Now I get it. I think.

I was startled when my 18 year old cousin told me to “email” him on MySpace. I asked, “No, what is your email address? So, I can actually send you an email.” Email = MySpace? Since I’m not a user of MySpace’s closed garden, basic old-fashioned open-protocol email is how I get in touch with people. He had a Hotmail account, but couldn’t remember it. I was really surprised that he contacts his friends solely via MySpace and the cellphone. But, my guess is a lot of other people his age are the same way. After all, on MySpace only your friends can message you, right?

It just seems like a strange way to do things. I have a feeling a lot of kids these days are comfortable using the Internet, but that maybe they find aspects of it a little complicated so MySpace and Facebook have a natural appeal. It’s easy. No need to manage multiple accounts for blogging, photos, messaging, etc. Just sign up for whichever social network is hot and go crazy.

I take it for granted that not everyone enjoys the challenges that come with some stuff on the Internet. So, I get it now. I think. Social networks make the Internet easy by keeping everything all in one place. It’s like AOL, but not old-skool AOL, which is for old people. Is that it?


30
Oct 07

Webcam plus wacom plus wackadoo

I’m ashamed to admit that I’ve barely touched my Wacom tablet since it arrived a few weeks ago. Despite the best of intentions, I have yet to start drawing like a tornado. I’m still getting the hang of all the buttons and settings, which are fairly complicated. Also, as I intimated previously, being creative is more a meditative and experimental state of mind more than what tools you have. This meditative state of mind is difficult to achieve and requires setting aside time to slow down, which is hard for me. When I was a bored kid, I used whatever cheap pencils and paper were at my disposal. (Note to self: post a few childhood drawings to website.) One tendency I have as an adult is to make everything overly complicated. As you know, most of life is deceptively simple.

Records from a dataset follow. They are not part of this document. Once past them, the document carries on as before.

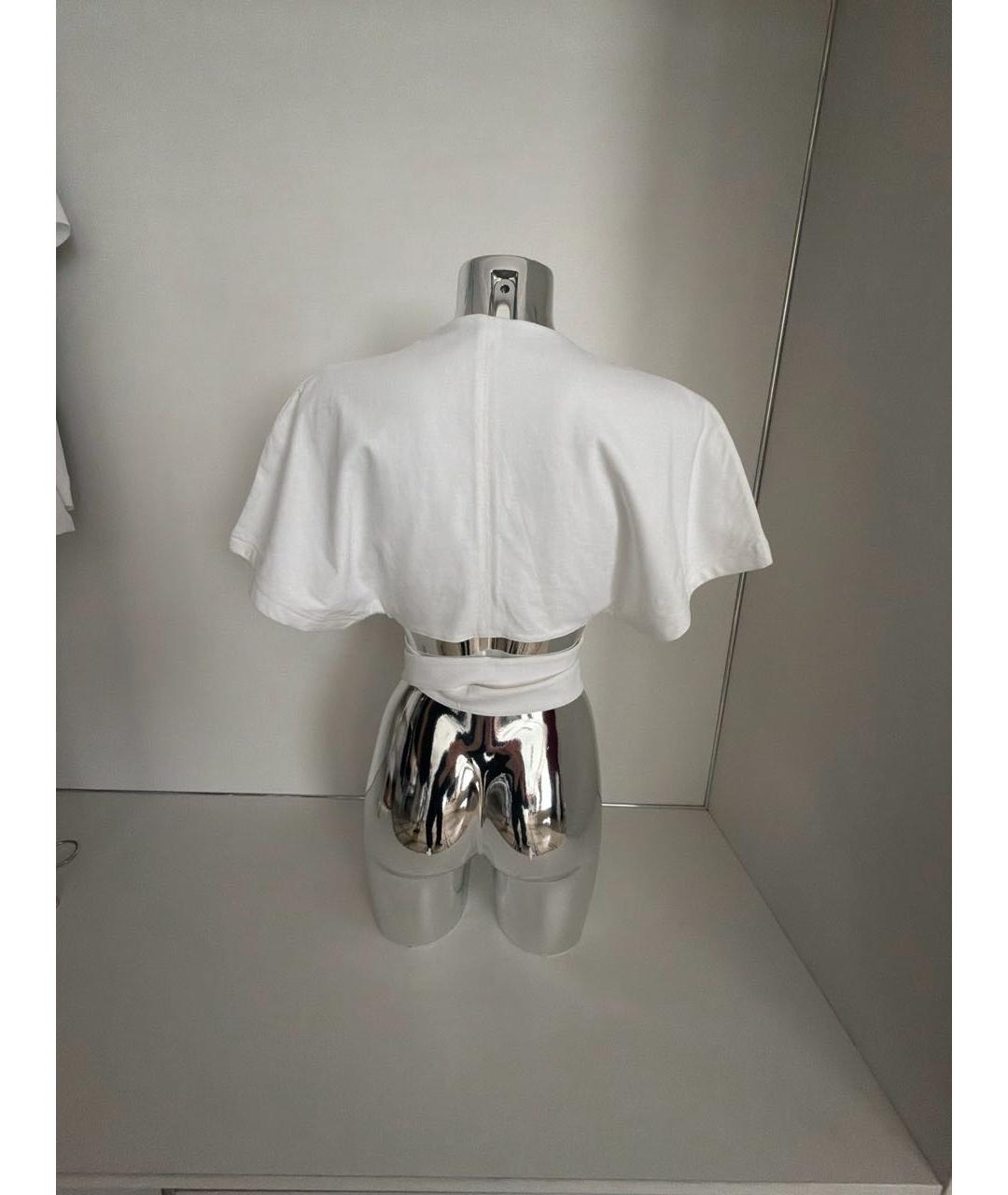 ALAIA Белая хлопко-эластановая блузы, фото 2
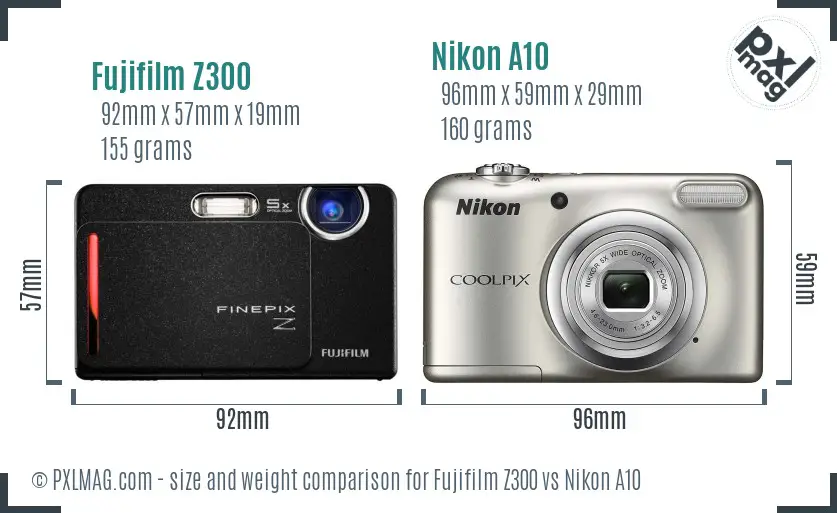 Fujifilm Z300 vs Nikon A10 size comparison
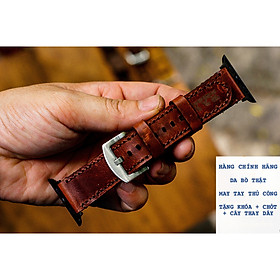Dây đồng hồ da bò thật nâu đỏ cổ điển - ram classic 1981 - hàng chính hãng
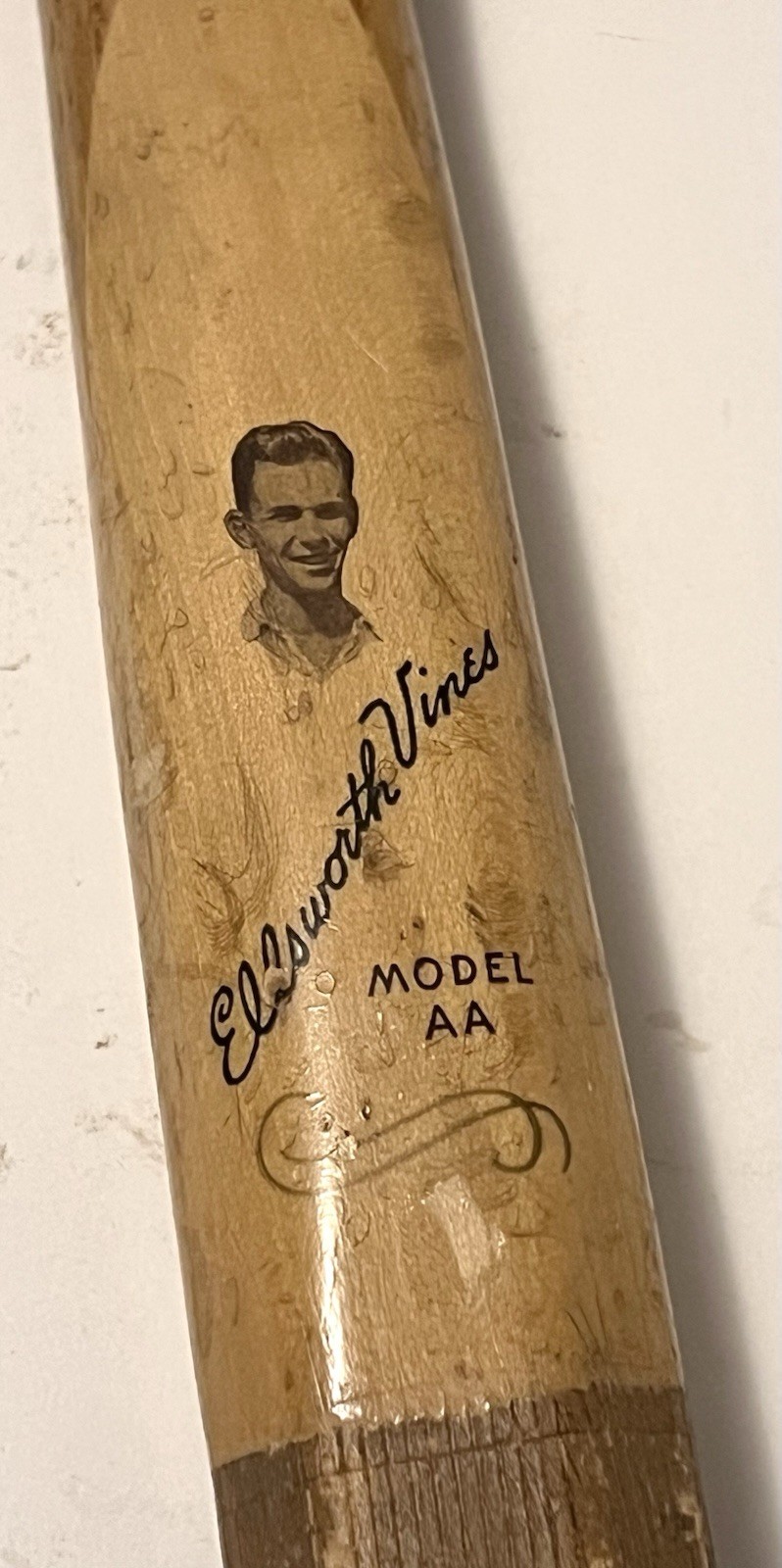 Vintage Ellsworth Vines Wood Tennis Racket Chicago Sports Eq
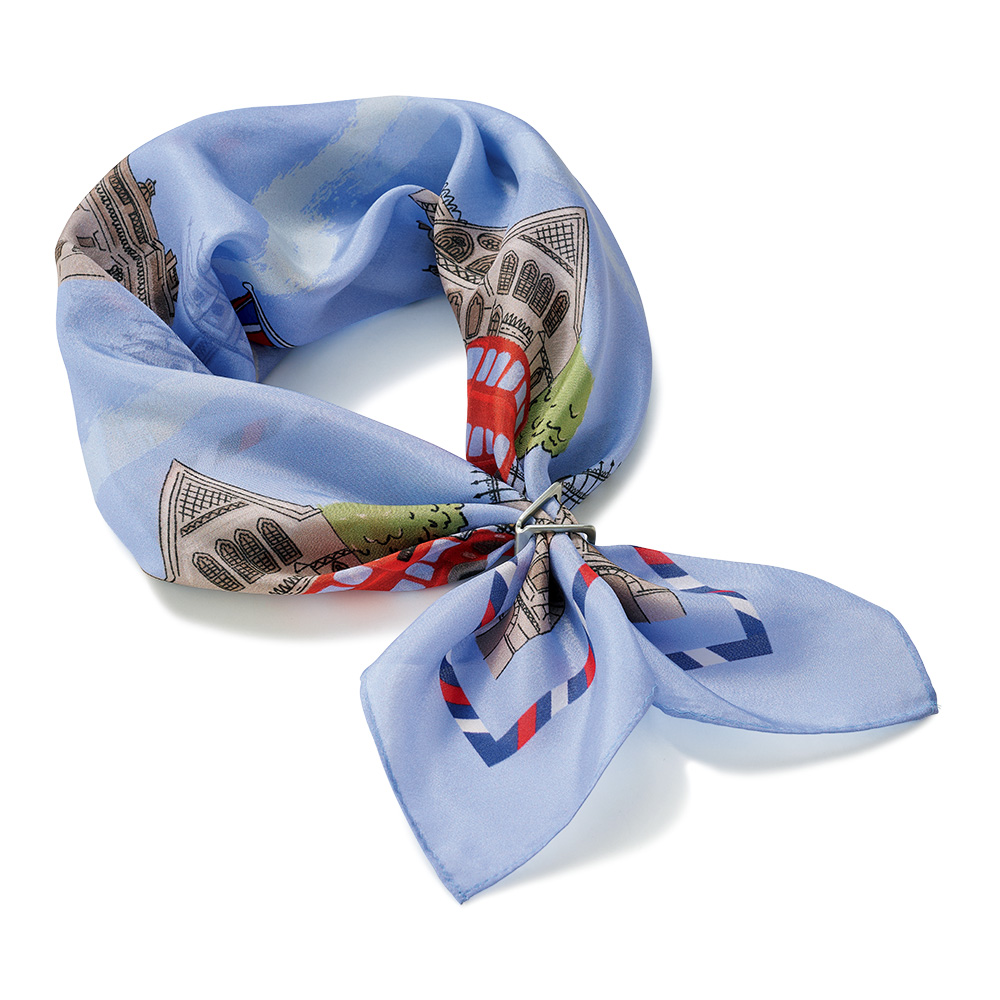 リング付きシルクスカーフ/ロンドンの街並み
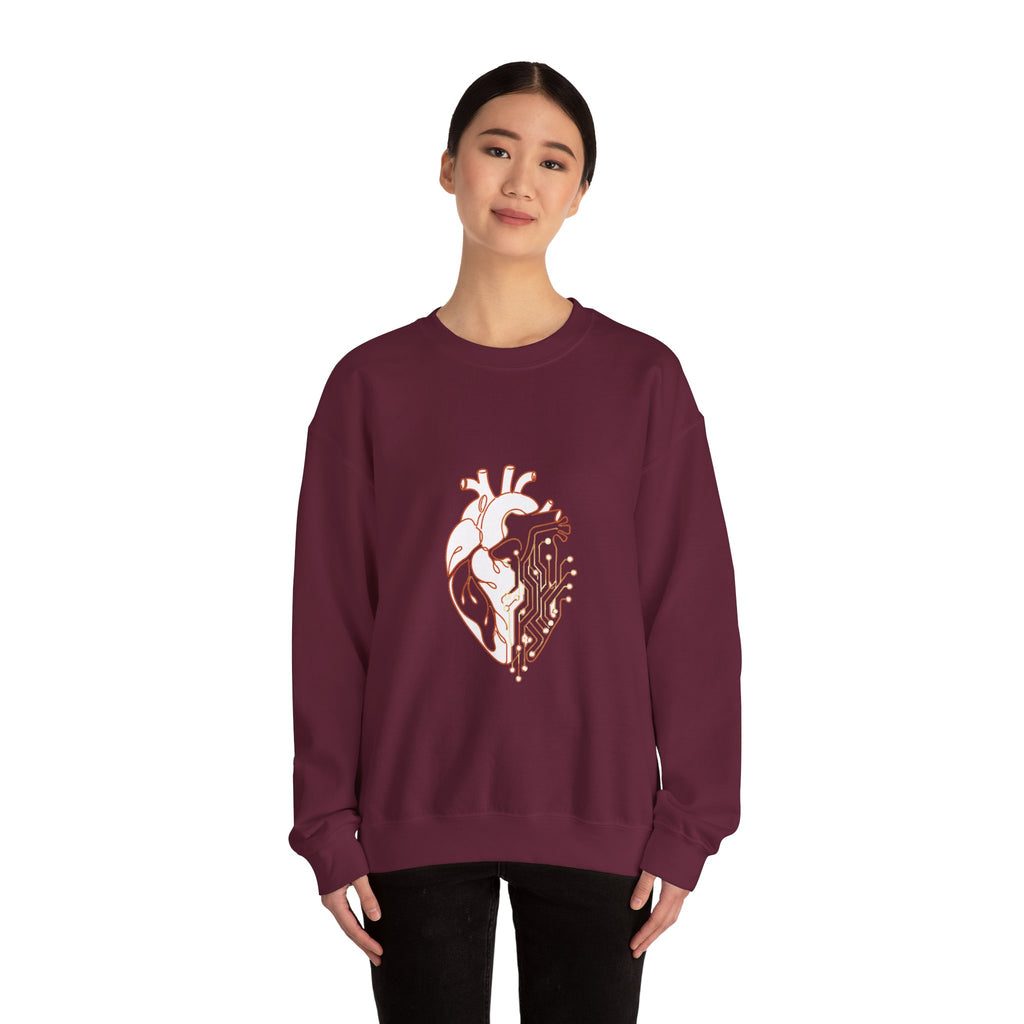 Matching Couple Sweatshirt - Robot & Heart Matching Couple Crewneck Sweatshirt Minimalist Art His Hers Valentine Gift - Design B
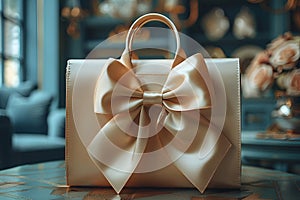 Bows on a bag are a symbol of hyper-femininity and reflect changes in public sentiment, where bows add sophistication
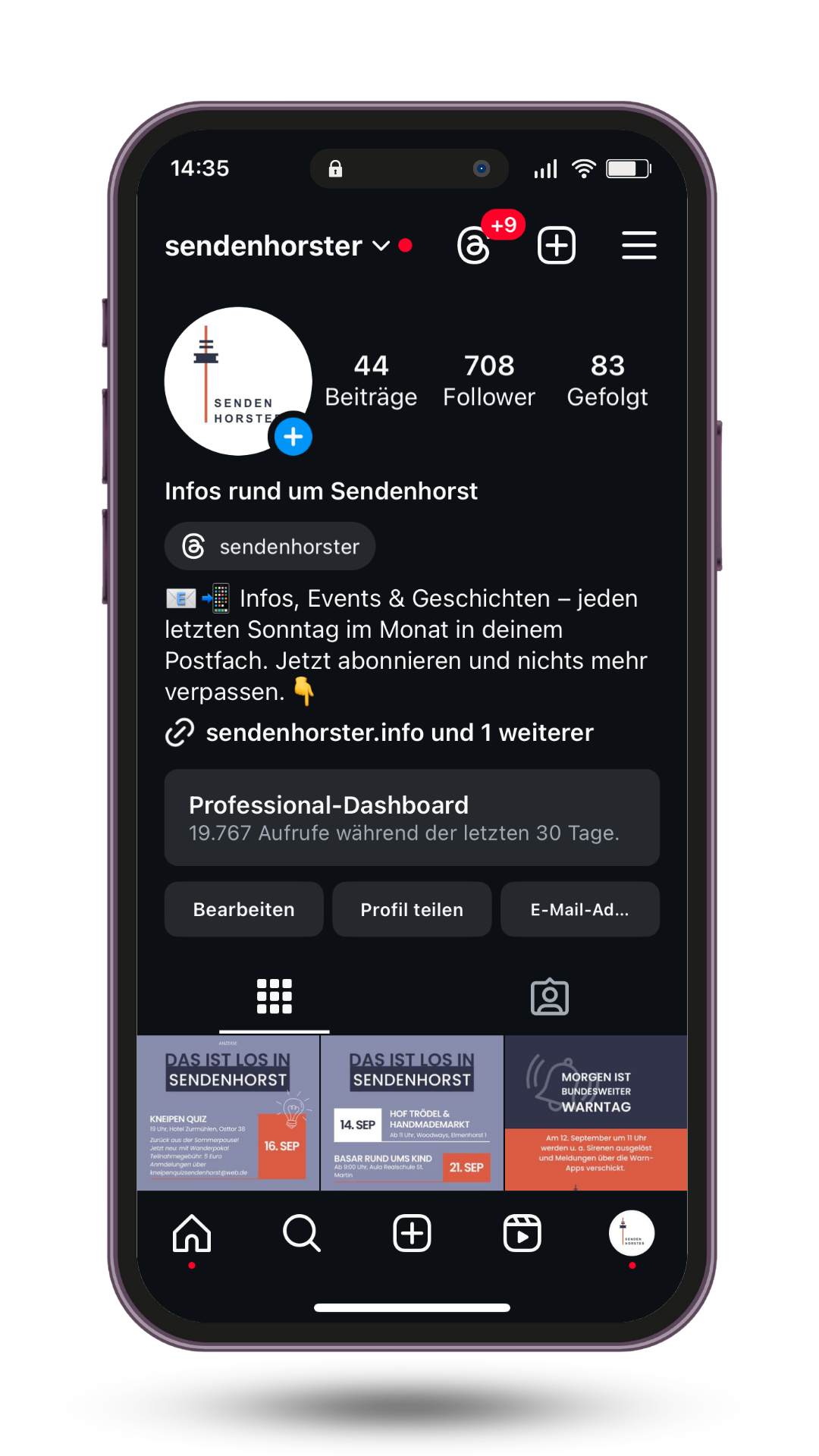 Smartphone mit Profil des Sendenhorster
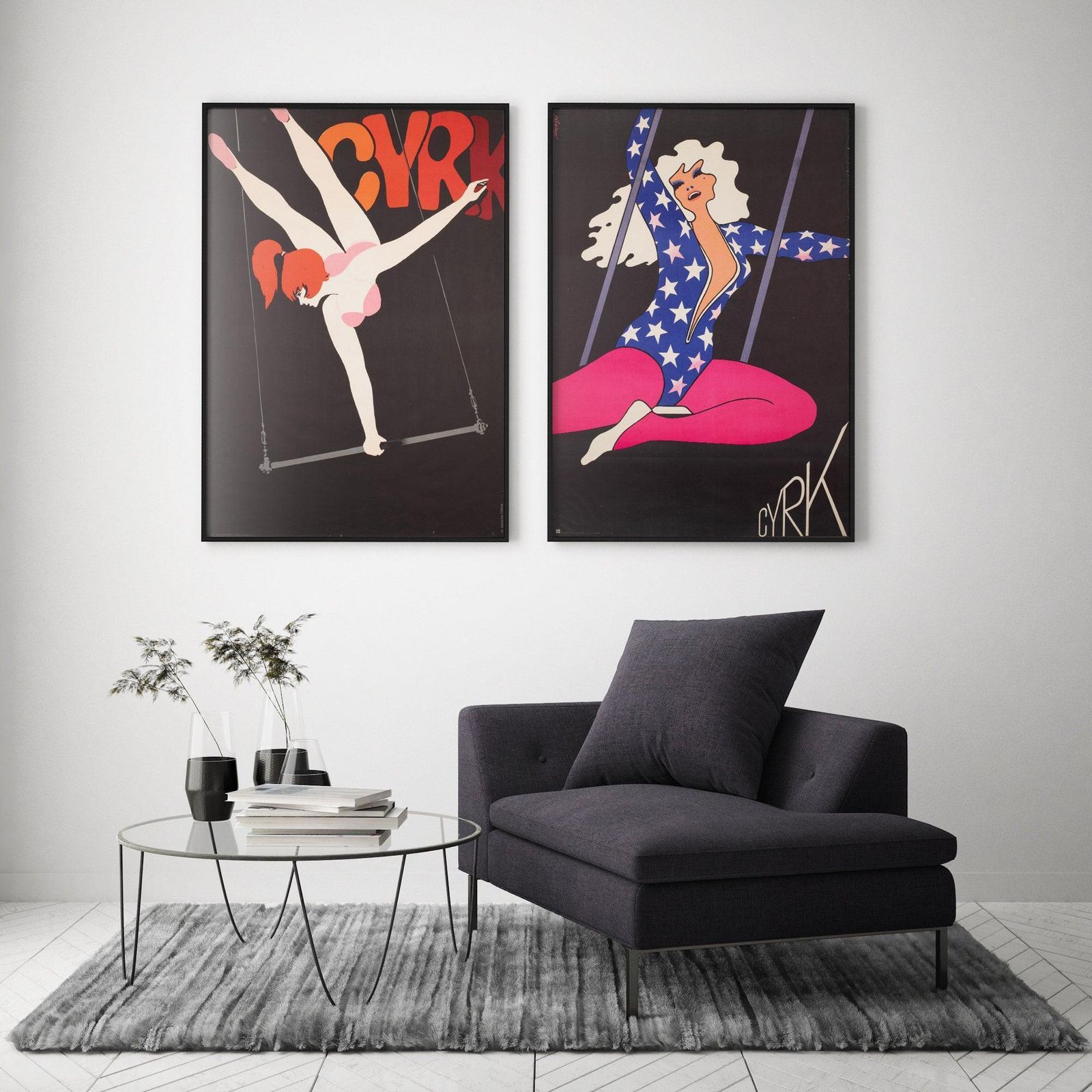 Cyrk Trapeze Girl Acrobat 1975 Polish Circus Poster, Witold Janowski photo furniture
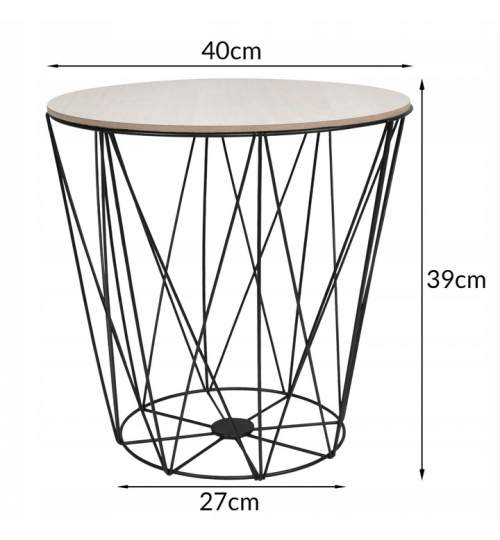 Masuta de cafea rotunda din MDF cu cadru metalic, inaltime 39 cm, diametru 40 cm, natur/negru
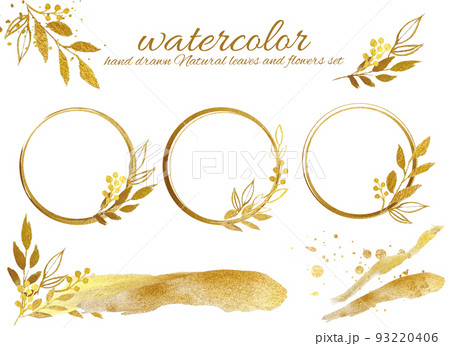 ゴールドリーフの背景とサークルフレームのセット 93220406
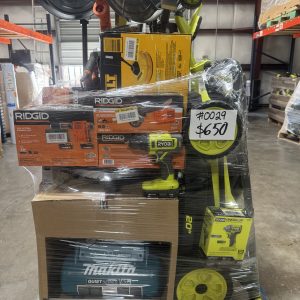 MIXED TOOLS PALLET – LOT ID: 0029 100% Tested and Working (WITH BATTERIES AND CHARGERS)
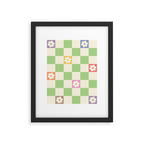 Colorful Flowers Green Check  Framed Art Print Gallery Image 5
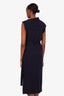 Chloe Navy Wool and Cashmere Sleeveless Turtleneck Belted Sweater Dress Size S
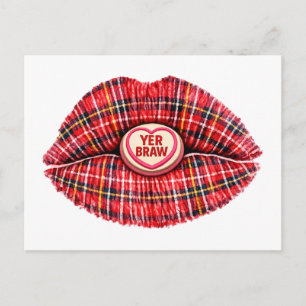 Cartes Pour Fêtes Annuelles Cadeau Écossais Tartan Lèvres Amour Pop Art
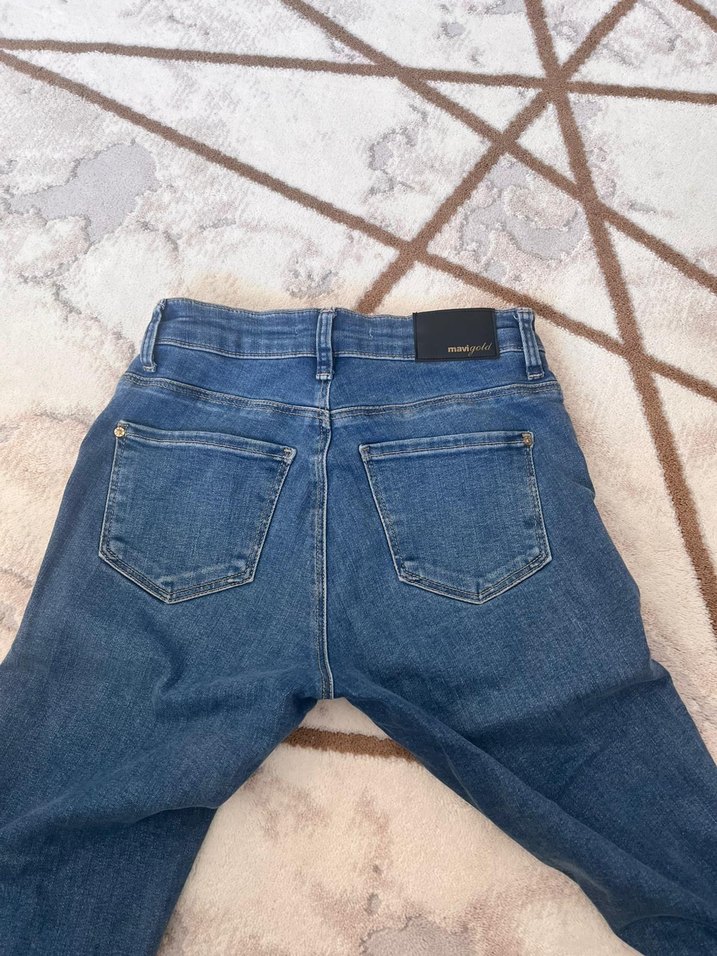 Gri Mavi Normal Kesim Kadın Kot Pantolon - Görsel 2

Anyway, here’s something I doodled in a few minutes. Drawing on photos is fun in that you get an interaction between the fantasy of the drawing and the realism of the photo. I think the Disney biography I’ve been reading is having a positive effect on me. It has really gotten my juices flowing. Even my dreams have been better. For someone who aspires to be both creative and successful, Walt Disney’s story is a real inspiration. At their best, most biographies have this effect. Almost as if they are whispering to you, “Come on! Follow my example. You can do something big, too, if you just want it bad enough.” The question is, do you want it bad enough?